Canada: RSF warns of dangerous precedent in charges against journalist Brandi Morin

Reporters Without Borders (RSF) calls on the Edmonton prosecutors to drop all charges brought against journalist Brandi Morin ahead of her court appearance scheduled on February 16. RSF warns that the case will set a dangerous precedent for press freedom across Canada, under which journalists are punished for simply doing their jobs.

Update 3/1/24: After advocacy from RSF and other press freedom groups, charges against Morin, who received a legal support grant from RSF, were dropped. 

Police officers arrested freelance journalist Brandi Morin on January 10, while she was reporting on an Indigenous encampment, in Edmonton, the capital city of the Canadian province of Alberta. When police raided the encampment, Morin said she identified herself as a journalist and stated her right to be on public property and to report on matters of clear public interest. Despite Morin exercising her legal right to do her job, Edmonton Police ​​Sergeant Amber Maze arrested her and led her from the scene, according to Morin. The authorities subsequently charged Morin with obstructing an officer. If convicted, this charge could carry a penalty of up to two years imprisonment. Morin is scheduled to appear in court on Friday, February 16.

“It is bad enough that police arrested a journalist for doing her job, but it is outrageous that prosecutors would even consider pursuing the charges against Brandi Morin. These tactics are meant to intimidate independent reporters and this case is tantamount to criminalizing journalism. It will set a dangerous precedent for a country that otherwise ranks high globally on the RSF World Press Freedom Index.

Clayton Weimers
RSF USA Executive Director

RSF and a coalition of press freedom groups held a press conference on January 29 to call for the immediate dismissal of all charges. The consensus of media freedom experts and activists was clear: Morin must not be prosecuted for simply fulfilling her duties as a journalist and pursuing the public’s right to know.

Although arrests of journalists in Canada are rare, there have been previous incidents of police arresting reporters covering police actions and public demonstrations as a tactic to remove them from a scene, such as the 2021 arrests of award-winning photojournalist Amber Bracken and documentarian Michael Toledano while covering the construction of a controversial natural gas pipeline in British Columbia. These arrests are particularly common when journalists are covering Indigenous communities, even though Canadian courts have ruled that the police must allow media access to its enforcement activities. However, the decision to pursue charges after an arrest marks a ​​clear escalation. The Canadian authorities must not use intimidation tactics to prevent journalists like Morin from upholding their duty and their right to seek democratic accountability from powerful institutions like the Edmonton police force.

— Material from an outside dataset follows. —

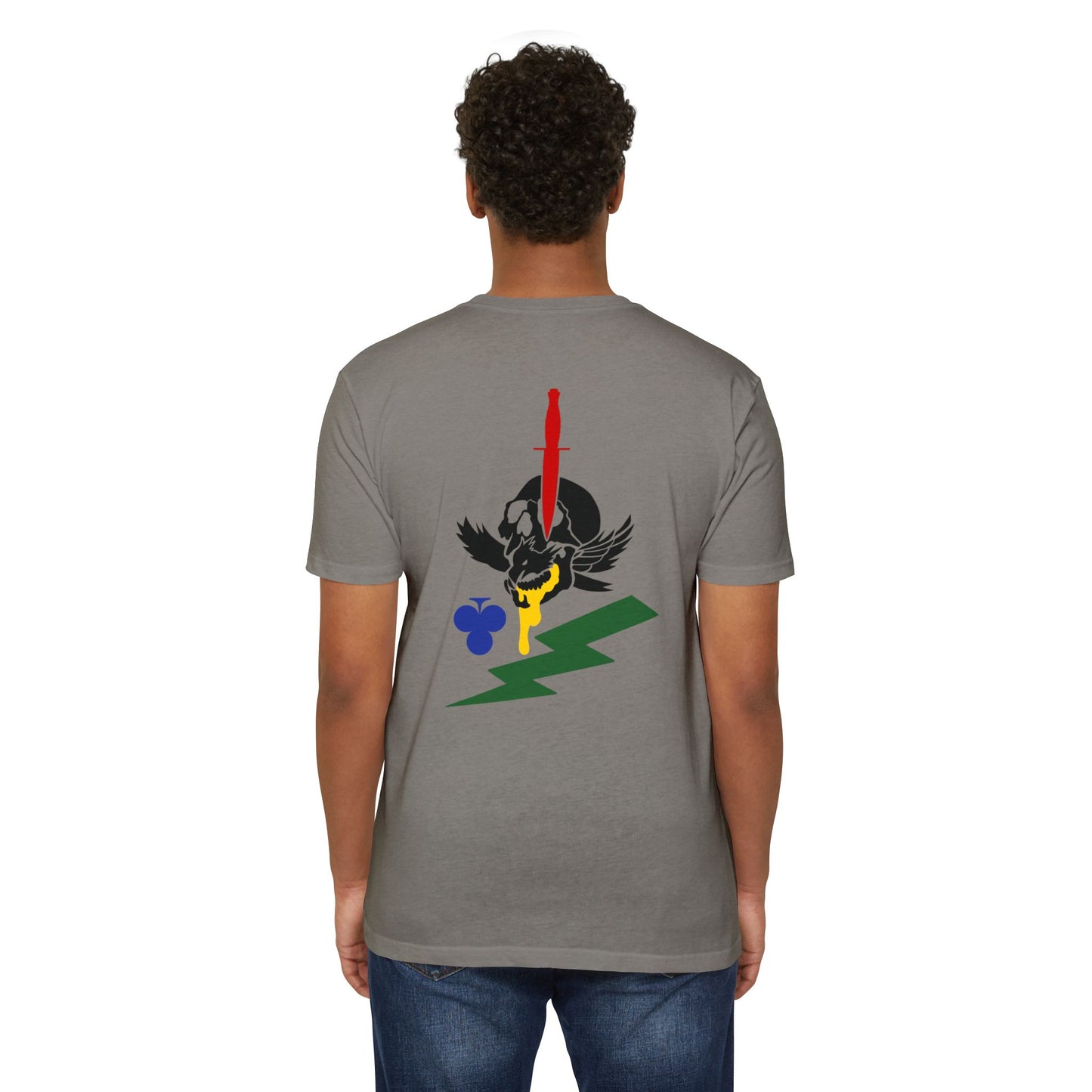 T-Shirt - Hot Honey Homie Club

Brandi Morin is an award-winning Cree/Iroquois/French multimedia journalist from the Treaty 6 territory in Alberta, Canada. A recipient of the Edward R. Murrow Award for her feature reporting, Morin’s work has appeared in several news outlets, including National Geographic, Al Jazeera English, The Guardian, and The New York Times, among others. She covers issues of human rights and is well-known for her work on Indigenous rights. She is also the bestselling author of Our Voice of Fire: A Memoir of a Warrior Rising.

Canada is ranked 15th out of 180 countries on RSF’s 2023 World Press Freedom Index.